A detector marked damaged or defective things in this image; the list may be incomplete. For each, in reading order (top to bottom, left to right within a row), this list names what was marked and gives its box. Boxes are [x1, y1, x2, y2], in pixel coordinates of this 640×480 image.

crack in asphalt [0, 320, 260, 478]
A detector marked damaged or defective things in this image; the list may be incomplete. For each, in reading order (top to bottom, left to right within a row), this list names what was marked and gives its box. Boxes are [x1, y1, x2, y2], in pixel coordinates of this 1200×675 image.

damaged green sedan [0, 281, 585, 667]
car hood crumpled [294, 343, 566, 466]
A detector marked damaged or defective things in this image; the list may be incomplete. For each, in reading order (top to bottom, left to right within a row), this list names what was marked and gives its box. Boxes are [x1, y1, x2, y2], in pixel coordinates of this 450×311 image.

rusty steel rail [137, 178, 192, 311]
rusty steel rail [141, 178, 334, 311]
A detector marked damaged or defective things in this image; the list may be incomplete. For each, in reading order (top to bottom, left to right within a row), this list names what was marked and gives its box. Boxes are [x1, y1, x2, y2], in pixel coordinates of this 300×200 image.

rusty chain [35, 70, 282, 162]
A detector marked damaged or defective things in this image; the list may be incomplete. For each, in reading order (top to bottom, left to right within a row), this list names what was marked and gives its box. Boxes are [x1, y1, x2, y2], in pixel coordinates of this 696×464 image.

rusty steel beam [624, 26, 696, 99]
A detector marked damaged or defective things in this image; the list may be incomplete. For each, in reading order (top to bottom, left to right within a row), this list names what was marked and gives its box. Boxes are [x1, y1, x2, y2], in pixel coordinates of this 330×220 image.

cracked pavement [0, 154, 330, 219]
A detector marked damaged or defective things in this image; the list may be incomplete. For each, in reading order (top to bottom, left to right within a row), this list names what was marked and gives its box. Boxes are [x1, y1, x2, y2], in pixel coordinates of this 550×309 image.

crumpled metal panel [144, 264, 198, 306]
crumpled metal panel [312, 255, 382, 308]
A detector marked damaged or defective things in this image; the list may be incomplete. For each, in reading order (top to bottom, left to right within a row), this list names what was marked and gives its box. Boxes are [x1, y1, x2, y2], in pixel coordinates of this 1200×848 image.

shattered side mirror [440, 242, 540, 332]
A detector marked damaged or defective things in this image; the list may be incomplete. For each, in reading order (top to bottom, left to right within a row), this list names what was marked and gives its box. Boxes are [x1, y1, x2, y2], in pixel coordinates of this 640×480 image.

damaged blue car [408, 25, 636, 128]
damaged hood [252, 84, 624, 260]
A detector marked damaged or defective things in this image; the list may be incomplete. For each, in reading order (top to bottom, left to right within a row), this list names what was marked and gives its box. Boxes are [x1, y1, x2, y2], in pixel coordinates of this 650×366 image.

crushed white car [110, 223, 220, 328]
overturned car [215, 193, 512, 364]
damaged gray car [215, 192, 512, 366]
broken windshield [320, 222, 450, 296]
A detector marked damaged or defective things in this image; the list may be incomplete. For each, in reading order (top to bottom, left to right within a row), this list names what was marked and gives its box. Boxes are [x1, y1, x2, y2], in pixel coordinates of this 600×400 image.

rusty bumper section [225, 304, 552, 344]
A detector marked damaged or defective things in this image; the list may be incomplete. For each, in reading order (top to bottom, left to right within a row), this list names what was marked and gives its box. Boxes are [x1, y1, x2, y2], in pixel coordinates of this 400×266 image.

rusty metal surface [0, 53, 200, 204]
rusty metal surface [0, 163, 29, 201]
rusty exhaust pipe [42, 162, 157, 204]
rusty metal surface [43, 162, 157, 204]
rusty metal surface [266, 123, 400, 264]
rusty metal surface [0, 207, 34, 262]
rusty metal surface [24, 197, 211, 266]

______________________________

• [Requirement]: Copy out the records above without altering anything.

• [Reply to the exercise]:
A detector marked damaged or defective things in this image; the list may be incomplete. For each, in reading order (top to bottom, left to right within a row), this list names what was marked and gives its box. Boxes are [x1, y1, x2, y2], in pixel coordinates of this 640×480 image.

crack in asphalt [0, 320, 260, 478]
A detector marked damaged or defective things in this image; the list may be incomplete. For each, in reading order (top to bottom, left to right within a row), this list names what was marked and gives its box. Boxes are [x1, y1, x2, y2], in pixel coordinates of this 1200×675 image.

damaged green sedan [0, 281, 585, 667]
car hood crumpled [294, 343, 566, 466]
A detector marked damaged or defective things in this image; the list may be incomplete. For each, in reading order (top to bottom, left to right within a row), this list names what was marked and gives its box. Boxes are [x1, y1, x2, y2], in pixel coordinates of this 450×311 image.

rusty steel rail [137, 178, 192, 311]
rusty steel rail [141, 178, 334, 311]
A detector marked damaged or defective things in this image; the list may be incomplete. For each, in reading order (top to bottom, left to right within a row), this list names what was marked and gives its box. Boxes are [x1, y1, x2, y2], in pixel coordinates of this 300×200 image.

rusty chain [35, 70, 282, 162]
A detector marked damaged or defective things in this image; the list may be incomplete. For each, in reading order (top to bottom, left to right within a row), this list names what was marked and gives its box. Boxes are [x1, y1, x2, y2], in pixel coordinates of this 696×464 image.

rusty steel beam [624, 26, 696, 99]
A detector marked damaged or defective things in this image; the list may be incomplete. For each, in reading order (top to bottom, left to right within a row), this list names what was marked and gives its box. Boxes are [x1, y1, x2, y2], in pixel coordinates of this 330×220 image.

cracked pavement [0, 154, 330, 219]
A detector marked damaged or defective things in this image; the list may be incomplete. For each, in reading order (top to bottom, left to right within a row), this list names what was marked and gives its box. Boxes are [x1, y1, x2, y2], in pixel coordinates of this 550×309 image.

crumpled metal panel [144, 264, 198, 306]
crumpled metal panel [312, 255, 382, 308]
A detector marked damaged or defective things in this image; the list may be incomplete. For each, in reading order (top to bottom, left to right within a row), this list names what was marked and gives its box. Boxes are [x1, y1, x2, y2], in pixel coordinates of this 1200×848 image.

shattered side mirror [440, 242, 540, 332]
A detector marked damaged or defective things in this image; the list may be incomplete. For each, in reading order (top to bottom, left to right within a row), this list names what was marked and gives its box. Boxes are [x1, y1, x2, y2], in pixel coordinates of this 640×480 image.

damaged blue car [408, 25, 636, 128]
damaged hood [252, 84, 624, 260]
A detector marked damaged or defective things in this image; the list may be incomplete. For each, in reading order (top to bottom, left to right within a row), this list names what was marked and gives its box. Boxes are [x1, y1, x2, y2], in pixel coordinates of this 650×366 image.

crushed white car [110, 223, 220, 328]
overturned car [215, 193, 512, 364]
damaged gray car [215, 192, 512, 366]
broken windshield [320, 222, 450, 296]
A detector marked damaged or defective things in this image; the list may be incomplete. For each, in reading order (top to bottom, left to right within a row), this list names what was marked and gives its box. Boxes are [x1, y1, x2, y2], in pixel coordinates of this 600×400 image.

rusty bumper section [225, 304, 552, 344]
A detector marked damaged or defective things in this image; the list may be incomplete. For each, in reading order (top to bottom, left to right within a row), this list names what was marked and gives its box. Boxes are [x1, y1, x2, y2], in pixel coordinates of this 400×266 image.

rusty metal surface [0, 53, 200, 204]
rusty metal surface [0, 163, 29, 201]
rusty exhaust pipe [42, 162, 157, 204]
rusty metal surface [43, 162, 157, 204]
rusty metal surface [266, 123, 400, 264]
rusty metal surface [0, 207, 34, 262]
rusty metal surface [24, 197, 211, 266]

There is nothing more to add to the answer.